Gujja is one of the must-prepare dishes to celebrate the festival of Holi. Thinking what other dishes to make for Holi, follow my Holi Party Guide.
It is also known as Ghughra in Gujarat, Karanji in Maharashtra, Somas in Tamil Nadu, Garijalu in Telangana and, Kajjikaya in Andhra Pradesh and Karnataka, with each regions having their versions of fillings.
The outer pastry cover for ghujia requires only three ingredients – maida, ghee, and water.
For the stuffing, you need – khoya (mawa), chopped dry fruits (almonds, raisins, pistachio, chironji), desiccated coconut, saffron, and powdered sugar.
Essential Equipment: You need a casting mould to shape and seal the ghujia. You can easily pick one online or at the nearest supermarket. You may not require the mould if you are a pro, like my mom, at shaping/sealing the pastry with your fingers.
First fold, make the pastry dough (follow step-by-step instructions as shown in the image below) and allow it to rest.
Second fold, prepare the sweet khoya and dry fruits mixture for the stuffing (as shown in the image below). Allow it to cool down completely.
Third fold, shape all the ghujia and arrange them in the platter in a single layer. You can shape them using a readymade casting mould or manually (as shown in image 6).
Lastly, deep fry the ghujia in small batches in the hot oil until crisp and light golden in color.
Important Gujiya Recipe Related Tips:
Dough: The pastry dough should be slightly stiff. Perform a texture test, press two fingers into the dough, the perfect dough should be a little tough to push and should not stick to your fingers.
Prepare the dough first, cover with a moist muslin cloth and allow it to rest at room temperature while preparing the stuffing.
Stuffing: Allow the khoya mixture to cool down completely before stuffing inside the pastry.
Taste while preparing the stuffing and adjust the amount of sugar accordingly.
Feel free to use a combination of dry fruits, semolina (rava), desiccated coconut, and nuts along with khoya to make the stuffing.

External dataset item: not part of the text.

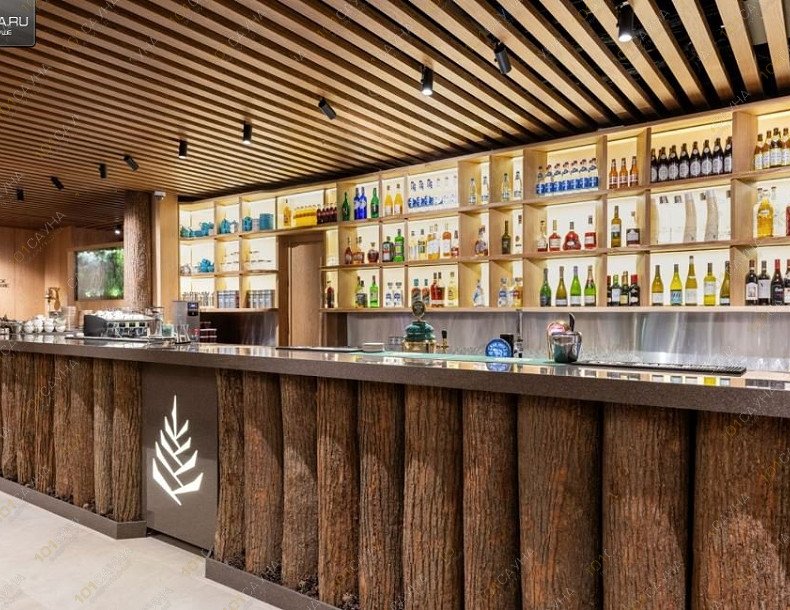 Мужской банный клуб ТайгаПар, в Москве, Пресненская набережная, 4 ст1 | 6 | 1001sauna.com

Sealing/Shaping: Do not overstuff the pastry layer with the khoya mixture else ghujia might tear while frying.
After stuffing, make sure gujiya are sealed tightly. Apply little water to seal and secure the edges. If not sealed tightly, the stuffing will spill into the oil while frying.
Cover all the shaped ghujia with a moist muslin cloth before frying or the outer dough layer will become dry.

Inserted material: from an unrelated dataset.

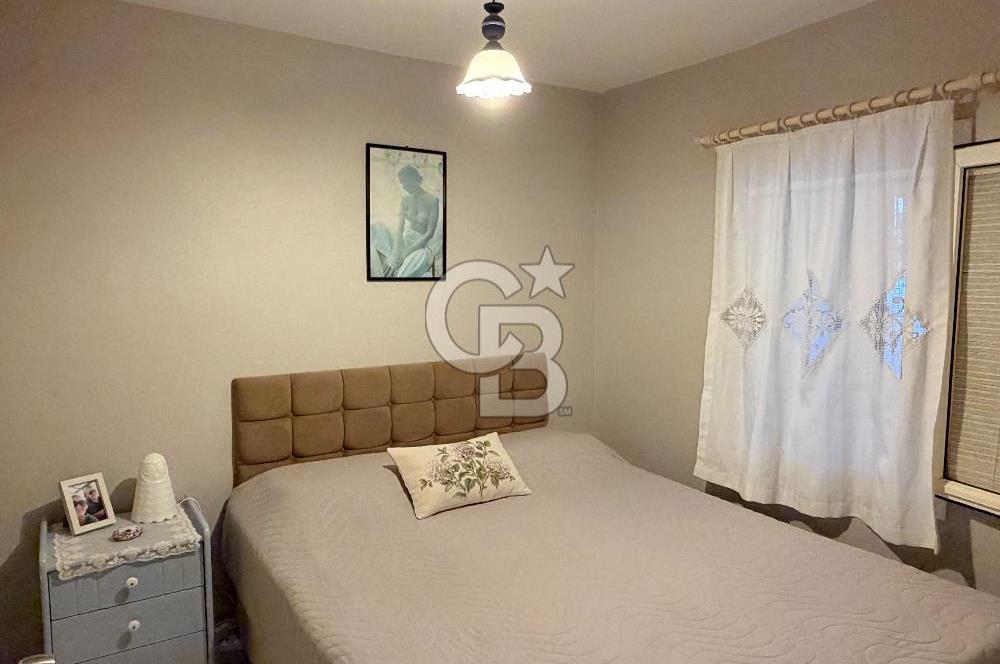 Bodrum Akyarlar Geniş Verandalı 2+1 Satılık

Frying: Always fry ghujia in a medium-hot oil over low heat. Keep on moderating the heat while frying. But never ever fry ghujia on high heat. They might burn and remain uncooked from inside.
Fry ghujiya in small batches. Do not overcrowd the frying pan.
Storing: Transfer fried/baked gujiya to a metal colander or a wire rack. Allow to cool down completely. It should not be hot or warm to touch while storing.
Store ghujia in an airtight container. Do not press them too hard while storing as the outer layer of the pastry might break apart.
FAQ’s Related To Gujiya Recipe:
Can I bake Gujiya?
Yes, absolutely, and they taste as delicious as the deep-fried ones. The making process remains the same, to bake preheat the oven at 180 degrees Celcius.
Grease a baking tray with a tablespoon of ghee and place the Gujiyas on the tray in a single layer. Brush each ghujia with ghee.
Bake for 12 – 15 minutes at 180 degrees Celcius. The outer layer of the pastry should be crisp, flaky, and light brown in color. Transfer baked ghujia to a wire rack, allow to cool down completely before storing.
How to store Gujiya?
Gujiya’s are best enjoyed hot and fresh. However, the mawa filled Gujiya can stay fresh in an airtight container for about a week at room temperature.
If your Gujjiya is coconut filled, then they can stay longer up to 2 weeks at room temperature if stored in an airtight container.
Once the Gujjiya’s are deep-fried, take them out on a plate or metal colander, let them cool completely before storing in an airtight container else they might crumble.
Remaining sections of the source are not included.